Comme lors de chaque rencontre organisée par la Foncière, Valérie Lemaigre, cheffe économiste de la BCGE, a présenté les perspectives économiques de la Suisse. L’année 2024 marque un point d’inflexion: la croissance et l’inflation sont en phase de normalisation. Les investissements en propriété intellectuelle (R&D, logiciels, bases de données, etc.) se poursuivent. Miser sur l’innovation – notamment l’intelligence artificielle – est la clef de la réussite suisse, car cela permet de soutenir la productivité, donc de continuer à générer des revenus, explique en substance l’experte de la BCGE. C’est une condition pour faire face aux transitions multiples (démographique, énergétique, technologique) et réduire les inégalités, notamment face à l’inflation.
Les taux d’intérêt sont en train de se «tasser» (autour de 1%), un niveau qui n’affecte pas l’activité de crédit. A l’avenir, les chocs pourraient provenir de la rareté des ressources (main-d’œuvre et matières premières). «Le rôle de la banque centrale est de veiller à ce que ces chocs n’aient pas de conséquences trop importantes sur les inégalités», insiste Valérie Lemaigre. Outre son rôle économique et monétaire, l’Etat doit appuyer les partenariats privés-publics dans le domaine de l’innovation. La force de la Suisse réside dans sa structure et sa dynamique industrielles, créateurs de richesse. «Pour poursuivre notre progression, nous devons toutefois veiller à ne pas nous isoler: les rapports EU-Suisse en matière de propriété intellectuelle et de programmes de recherche sont essentiels», insiste l’experte.

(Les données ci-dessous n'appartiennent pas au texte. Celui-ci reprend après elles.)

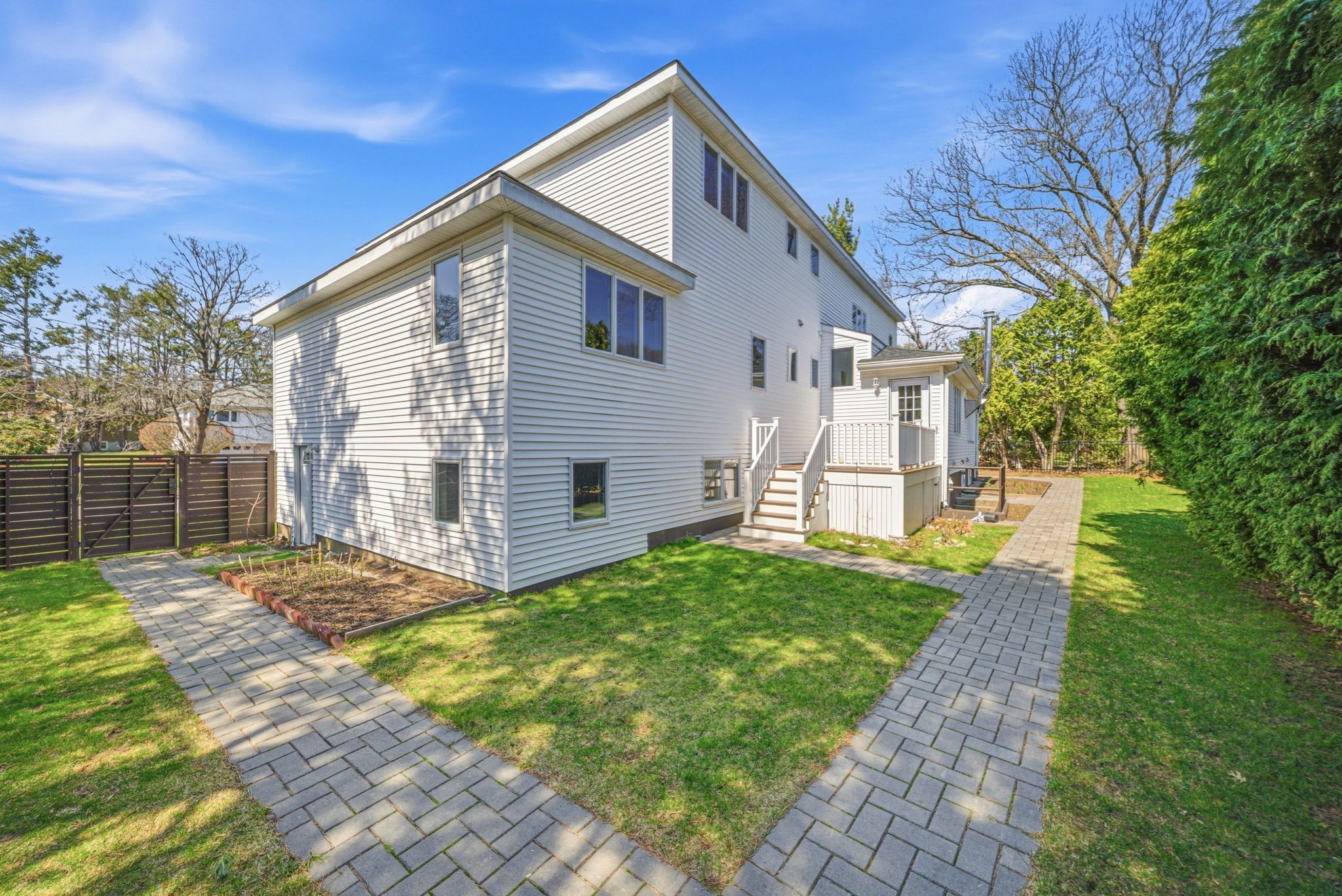 124 Deborah Rd Property Photo 4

En ce qui concerne l’immobilier résidentiel, le marché n’est pas prêt de se détendre: malgré les légères fluctuations, les prix ne fléchissent pas, alimentés par un déséquilibre entre l’offre et la demande (cette dernière étant renforcée par l’immigration). Quelque 10 000 logements manquent à Zurich, 3000 à Genève et 4000 dans le canton de Vaud. Pour Valérie Lemaigre comme pour Michael Loose, c’est à la Confédération que revient la tâche de gérer les crises majeures, comme la pénurie de logement.
Compétences cantonales ou fédérales? La question reste ouverte, mais quoi qu’il en soit, «mieux vaut prendre le changement par la main avant qu’il ne nous prenne par la gorge», conclut Thomas Vonaesch, COO d’Investissements Fonciers, en citant Winston Churchill. Un message qui fait la part belle aux opportunités, aux expérimentations diverses et à la créativité!